*** Opening Material shown ***

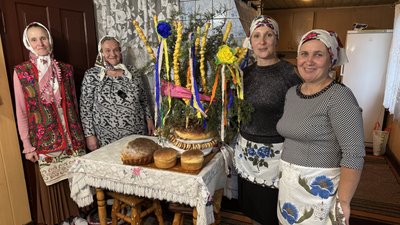 Традиція випікання короваю у селі Лобна Любешівської громади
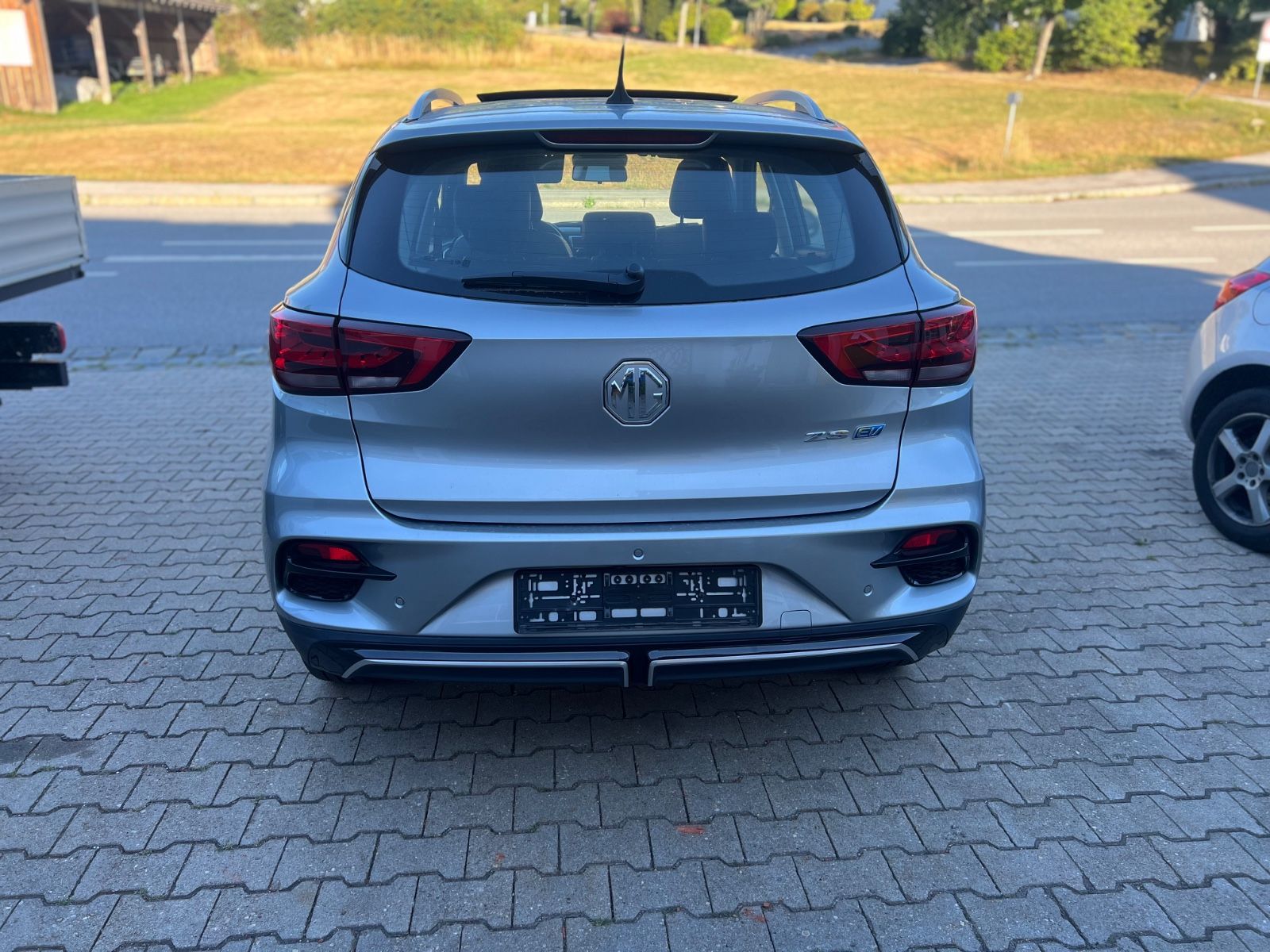 MG ZS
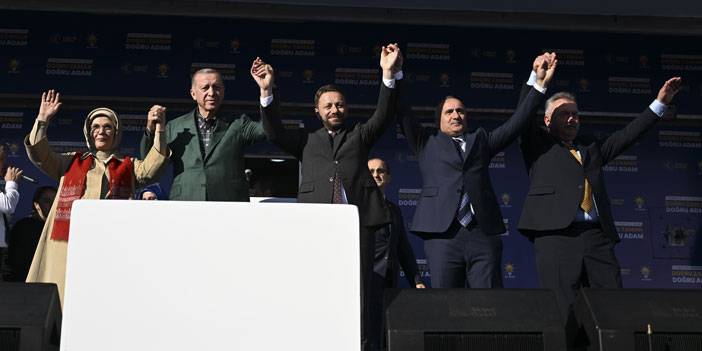 Cumhurbaşkanı Erdoğan: Şimdi 3’te 3 yapıyor muyuz?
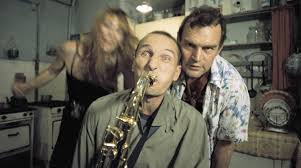 Он даже подписал коллективное письмо, осуждающее подпольных музыкантов, хотя спустя много лет признался, что сделал это под давлением друзей и теперь сожалеет о поставленной подписи. Pamyat Petra Mamonova Mogut Uvekovechit Gazeta Ru Novosti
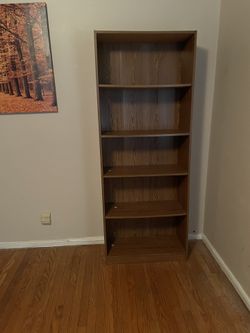 5 Shelf Free Standing Bookcase.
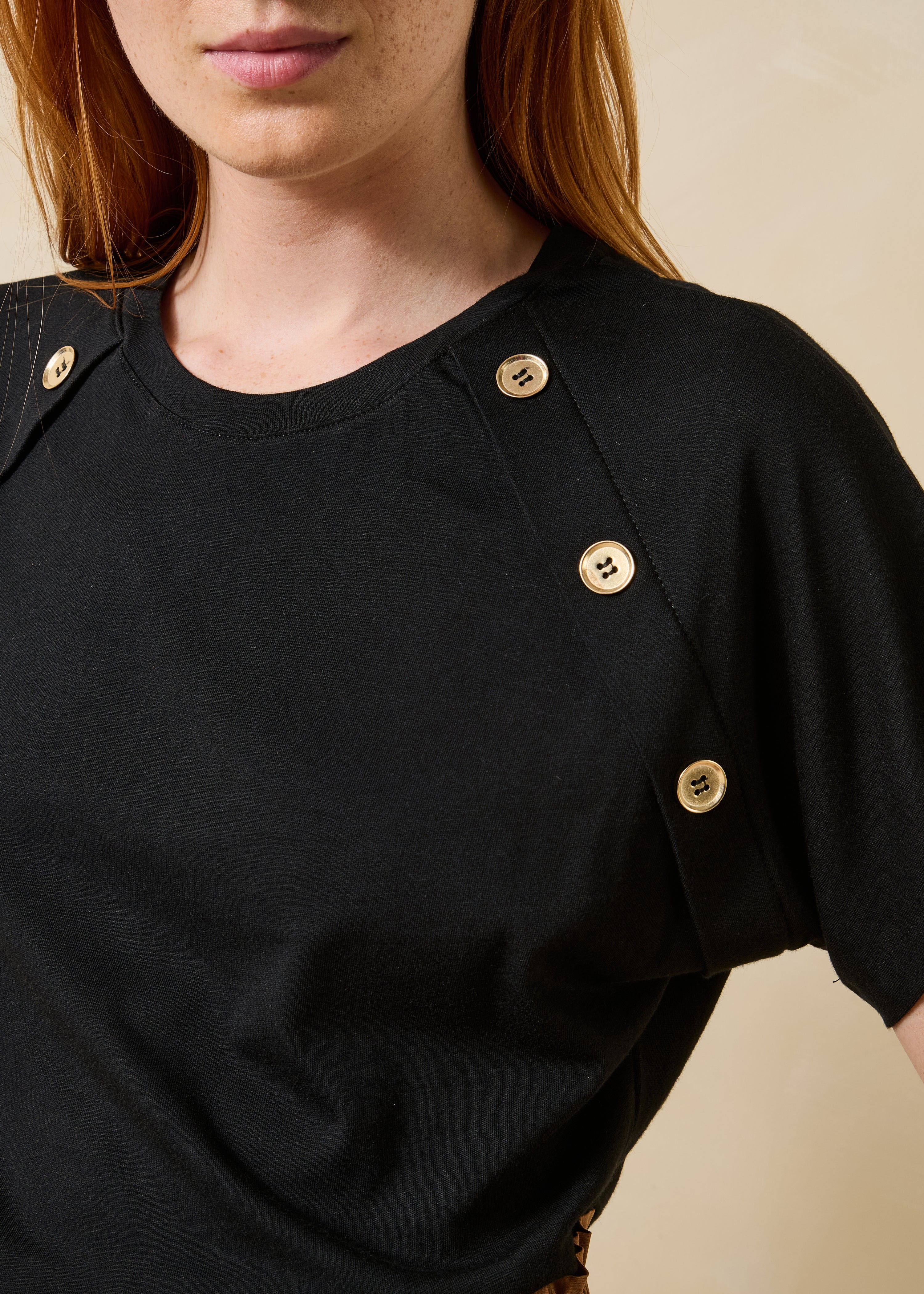 T-shirt noir manches courtes en coton biologique
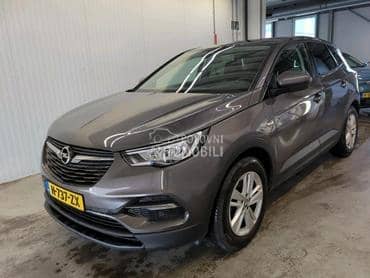 Opel Grandland X 1.2 INNOVATION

*** Closing Material shown ***

◆ **Directions**
Your copy should match the records above word for word, but without images.

◆ **Completed task**
 Традиція випікання короваю у селі Лобна Любешівської громади
 MG ZS
 Cumhurbaşkanı Erdoğan: Şimdi 3’te 3 yapıyor muyuz?
 Он даже подписал коллективное письмо, осуждающее подпольных музыкантов, хотя спустя много лет признался, что сделал это под давлением друзей и теперь сожалеет о поставленной подписи. Pamyat Petra Mamonova Mogut Uvekovechit Gazeta Ru Novosti
 5 Shelf Free Standing Bookcase.
 T-shirt noir manches courtes en coton biologique
 Opel Grandland X 1.2 INNOVATION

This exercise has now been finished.